Appare, da questa scena, un verdetto implacabile: Cristo non redime. La via del Calvario procede verso il nulla. Qui non si vede neppure, il Calvario.
Le 500 figure che fanno da cornice, sciamano verso un punto lontano. Sono ben visibili in primo piano solo le pie donne con Giovanni: i bei vestiti sembrano alludere alla liturgia che fa rivivere il Mistero, ma il gruppo è staccato da ciò che avviene.
Dov’è Gesù? Bisogna tracciare le diagonali del quadro per individuarlo. Lo trovi al centro, caduto sotto il peso della croce. È insignificante. A lui la gente non bada. Essa è venuta come a una gita di paese. C’è l’albero della cuccagna.
E c’è anche, lassù in alto a destra, un cerchio di gente che attende delle crocifissioni. Ma nessuno conosce la storia di Lui.
Non c’è ordine in questo andare; e questa vitalità è solo una febbrile agitazione di forme. Tutto si muove, ma nulla procede.
Giubbe rosse: sono soldati di un potere che opprimeva al tempo del pittore.
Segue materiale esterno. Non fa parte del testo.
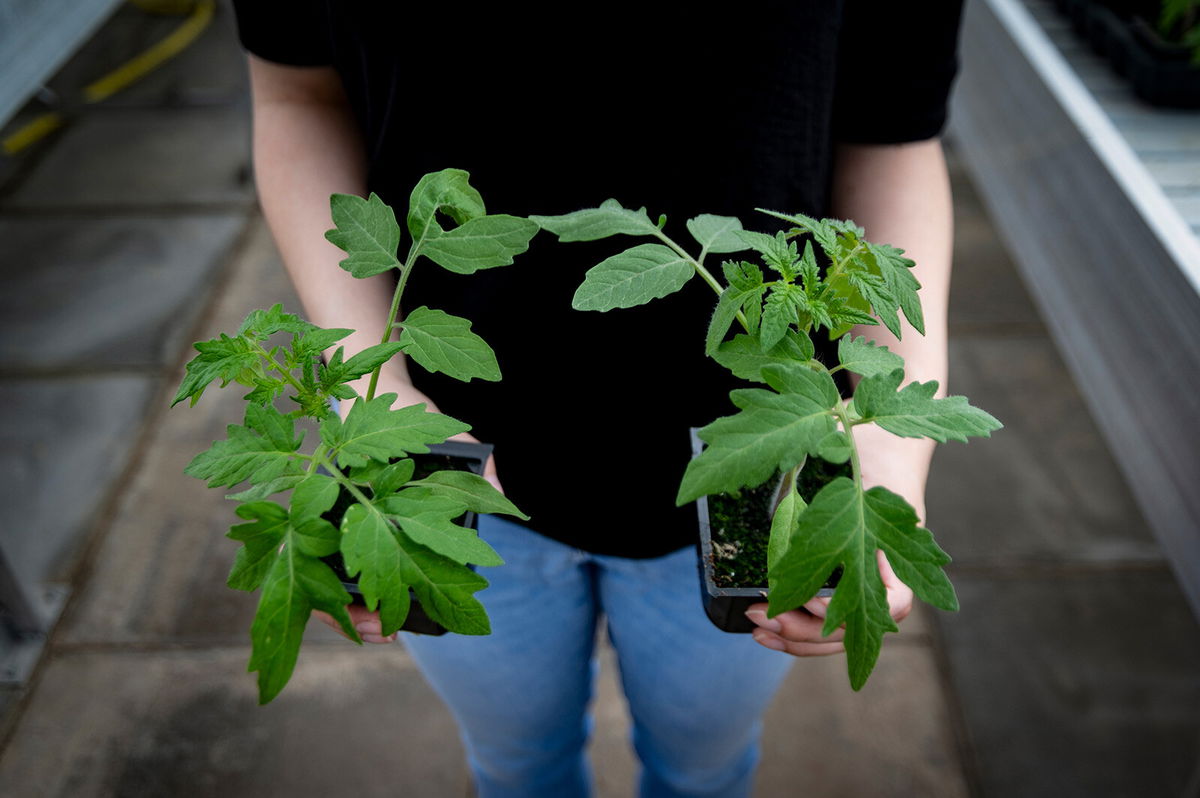 <i>John-Innes-Centre</i><br/>The tomato plant on the left is gene edited.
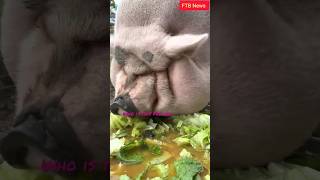 పందిలా మేస్తునాడు వీడు పేరు ఏంటి \\\\🤔🤔🤔🐖🐕🥾 #viral #pigfeet  #viralvideo #pigsound  #mukbang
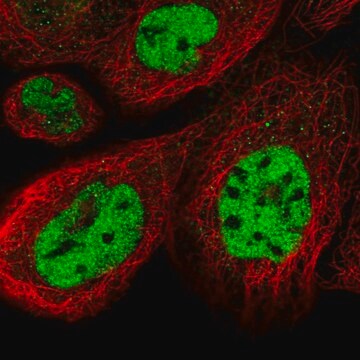 Anti-CCNDBP1 antibody produced in rabbit Prestige Antibodies&#174; Powered by Atlas Antibodies, affinity isolated antibody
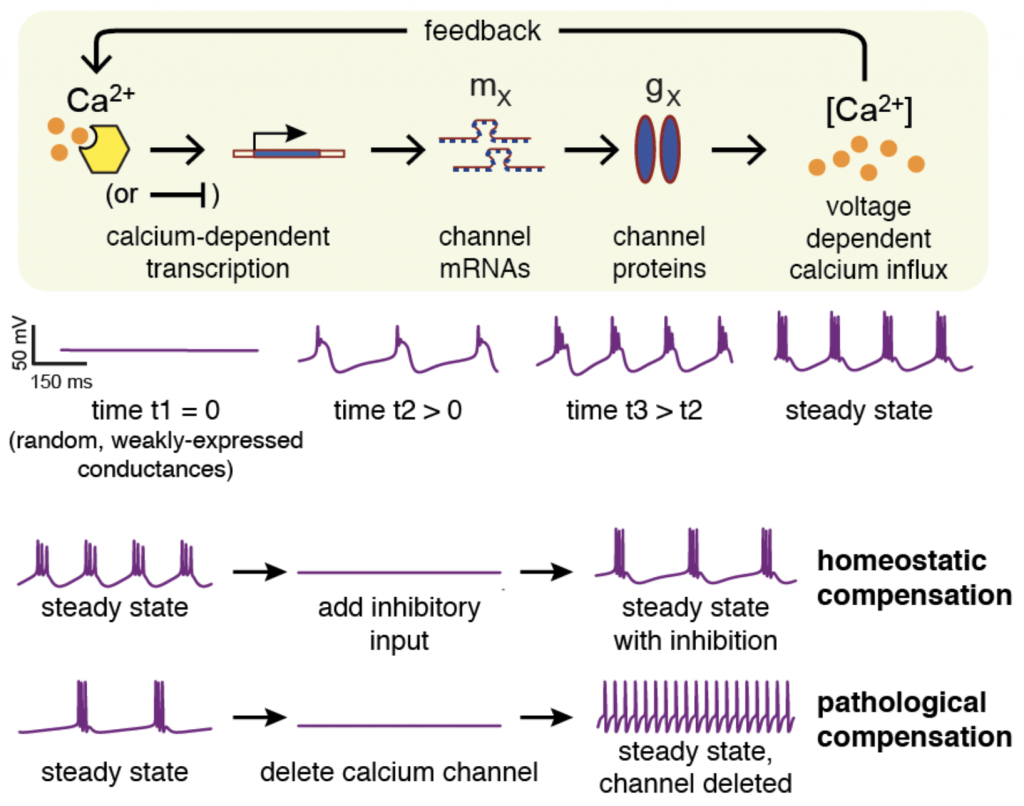 An example of a mathematical model of feedback regulation in a Central Pattern Generator - a small neural network that controls muscle movement. Internal cellular signals allow neurons to robustly develop a rhythmic bursting activity. This robustness can be compromised by loss of specific ion channel genes.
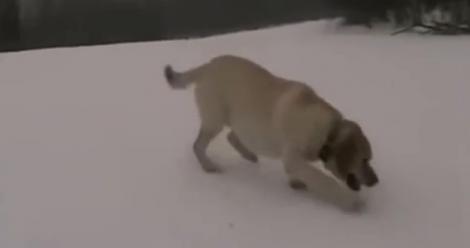VIRAL! Câinele acesta iubește zăpada. Se dă singur pe derdeluș!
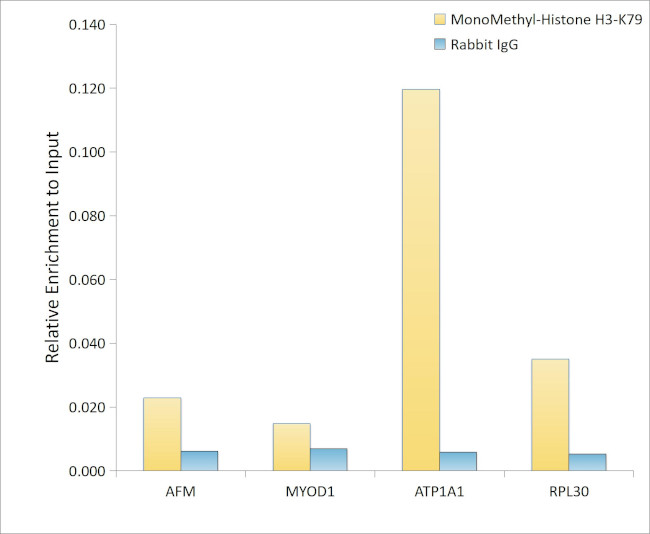 H3K79me1 Antibody in ChIP Assay (ChIP)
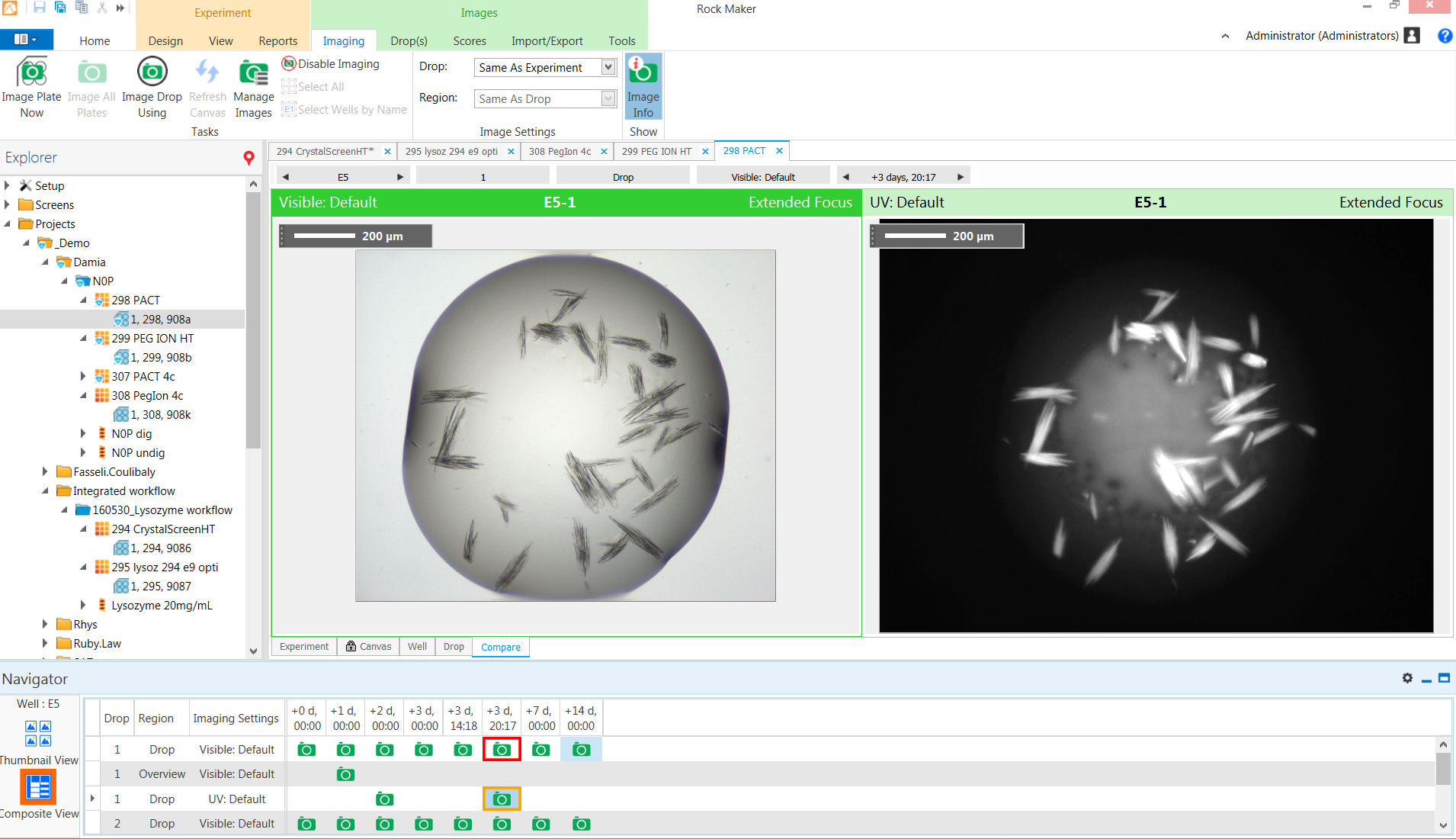 Protein Crystals Imaging in Action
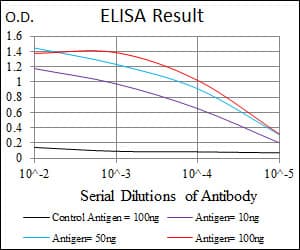 TNNT2 / CTNT Antibody (clone 1G1)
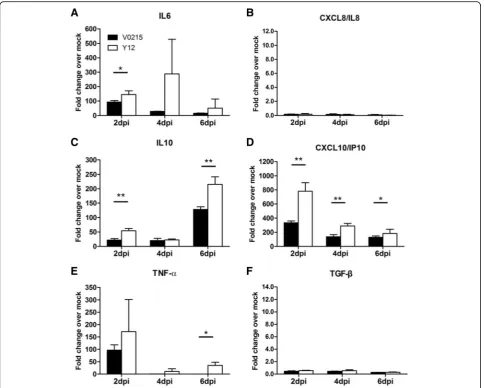 Fig. 6 Inoculation of BALB/c mice with influenza B viruses causes inflammation in tissues of the respiratory tract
Niente di nuovo nella storia dell’uomo.
Rispetto alla Natura l’uomo sembra un’escrescenza insignificante. Ognuno si agita, prigioniero del suo corpo, prigioniero del tempo.
Il Cristo è perduto. E ancora più perduti gli uomini che gli fanno corona.
La contemplazione di questo quadro spaventa: sembriamo affacciati a un eterno Venerdì Santo.
E questo ci spinge a voler fare un passo indietro, a voler rivedere il quadro del Tintoretto, quello della Cena.